O modelo de endividamento atual é pró-cíclico, o que significa que a capacidade de endividamento aumenta quando a receita cresce, mas os contratos anteriores permanecem nos momentos de queda, elevando o risco de calote. Mendes alerta que, caso o Executivo se mostre complacente com o desequilíbrio fiscal, a situação pode se agravar com mais autorizações de crédito. Em 2013, as contratações chegaram a 3,5% do PIB, e em 2024, superaram o patamar de 2,5% do PIB, evidenciando uma tendência de alta.
Tendência Estrutural e o Risco de Crise
O estudo de Mendes demonstra que a alta dos gastos de estados e municípios não é um fenômeno pontual, como ocorreu durante a pandemia, quando o governo federal repassou recursos a fundo perdido e congelou salários, gerando acúmulo de caixa para os entes subnacionais. A tendência é de manutenção de um padrão elevado de despesas. O risco de a dívida pública atingir um ponto insustentável é real, embora o limite exato seja incerto e dependa da credibilidade do governo e de suas promessas de ajustes nas contas.

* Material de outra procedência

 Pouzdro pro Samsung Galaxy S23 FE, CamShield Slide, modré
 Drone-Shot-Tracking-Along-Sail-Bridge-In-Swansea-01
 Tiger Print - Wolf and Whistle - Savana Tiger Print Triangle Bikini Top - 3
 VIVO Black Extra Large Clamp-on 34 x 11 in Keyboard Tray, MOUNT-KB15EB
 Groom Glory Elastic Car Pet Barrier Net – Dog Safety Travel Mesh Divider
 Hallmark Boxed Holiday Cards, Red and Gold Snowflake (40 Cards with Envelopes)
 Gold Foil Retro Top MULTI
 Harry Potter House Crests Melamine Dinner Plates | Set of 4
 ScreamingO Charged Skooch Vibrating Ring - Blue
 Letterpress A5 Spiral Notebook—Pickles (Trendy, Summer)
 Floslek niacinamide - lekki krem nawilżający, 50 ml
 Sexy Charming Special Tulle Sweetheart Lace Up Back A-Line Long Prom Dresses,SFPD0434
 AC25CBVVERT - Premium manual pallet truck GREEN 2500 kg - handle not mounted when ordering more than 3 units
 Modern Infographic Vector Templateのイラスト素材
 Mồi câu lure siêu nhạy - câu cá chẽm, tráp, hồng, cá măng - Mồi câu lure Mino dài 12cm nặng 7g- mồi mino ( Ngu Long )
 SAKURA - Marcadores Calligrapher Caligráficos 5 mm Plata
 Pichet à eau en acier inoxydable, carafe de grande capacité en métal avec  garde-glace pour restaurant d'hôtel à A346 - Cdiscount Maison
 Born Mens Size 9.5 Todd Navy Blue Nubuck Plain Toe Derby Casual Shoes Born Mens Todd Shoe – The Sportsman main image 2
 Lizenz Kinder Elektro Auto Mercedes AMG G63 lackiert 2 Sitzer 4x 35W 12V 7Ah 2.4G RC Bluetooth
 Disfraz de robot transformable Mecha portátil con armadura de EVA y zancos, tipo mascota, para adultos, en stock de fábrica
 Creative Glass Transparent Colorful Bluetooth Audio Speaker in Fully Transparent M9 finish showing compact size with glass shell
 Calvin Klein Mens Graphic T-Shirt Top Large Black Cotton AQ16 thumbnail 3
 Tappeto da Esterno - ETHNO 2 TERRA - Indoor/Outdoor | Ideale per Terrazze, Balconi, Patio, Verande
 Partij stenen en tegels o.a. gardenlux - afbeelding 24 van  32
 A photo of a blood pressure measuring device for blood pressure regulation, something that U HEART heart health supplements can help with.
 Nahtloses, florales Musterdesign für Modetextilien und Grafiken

Quando a confiança se esgota, a dívida pode ser corroída pelo aumento da inflação, ou o governo pode buscar meios de desvalorizá-la, como ocorreu no congelamento de ativos financeiros no Plano Collor. Se não houver uma reversão no crescimento da dívida pública, o país pode enfrentar uma nova crise, semelhante à de 2014-2016, com falências, inflação e queda do potencial de crescimento. Uma grande recessão resulta em perda de capital que demora a ser recomposta, prejudicando o crescimento de médio e longo prazo do país. A urgência de uma gestão fiscal responsável e coordenada entre todos os níveis de governo é crucial para evitar um cenário de instabilidade econômica e social.